This diff adds the bits needed to support add-path in MRT dumps.
The problem here is that MRT as a stateless protocol has no chance
to know what kind of encoding (add-path or not) is used for the NLRI in
message dumps. And for table dumps there is a need to add an extra field
to the dumps to show the path-id.

There are two issues:
- for message dumps: it is necessary to peek into UPDATE messages to
  figure out if that update is using add-path or not.

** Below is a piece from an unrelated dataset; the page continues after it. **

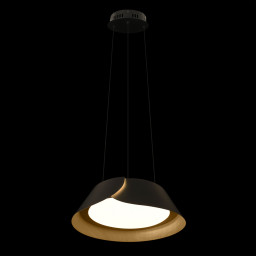 Подвесной светильник LOFT IT 10370P Black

This comes from the
  fact that the add-path RFC allows to set the option per AFI/SAFI and
  also per direction. This is a major pain in bgpd since UPDATE messages
  are actually parsed in the RDE and not in the SE. The SE just does the
  basic lenght checks (header size, total length). So this peak into the
  packet needs to be done with some care (especialy for MP encoded
  UPDATEs).

- for table dumps the RFC did a major fobar and defined a extra special
  encoding for non-IPv4/IPv6 prefixes. In the general encoding the path-id
  is not part of the rib entries sub-struct but is instead part of the
  NLRI. This encoding is to complex to build into the bgpd codebase and it
  seems the only other BGP implementation supporting RIB_GENERIC_ADDPATH,
  gobgp, is also not implementing it according to the RFC but instead is
  using the same encoding as for the other _ADDPATH types. OpenBGPD will
  do the same.

This seems to work for me and results in the right output in bgpctl.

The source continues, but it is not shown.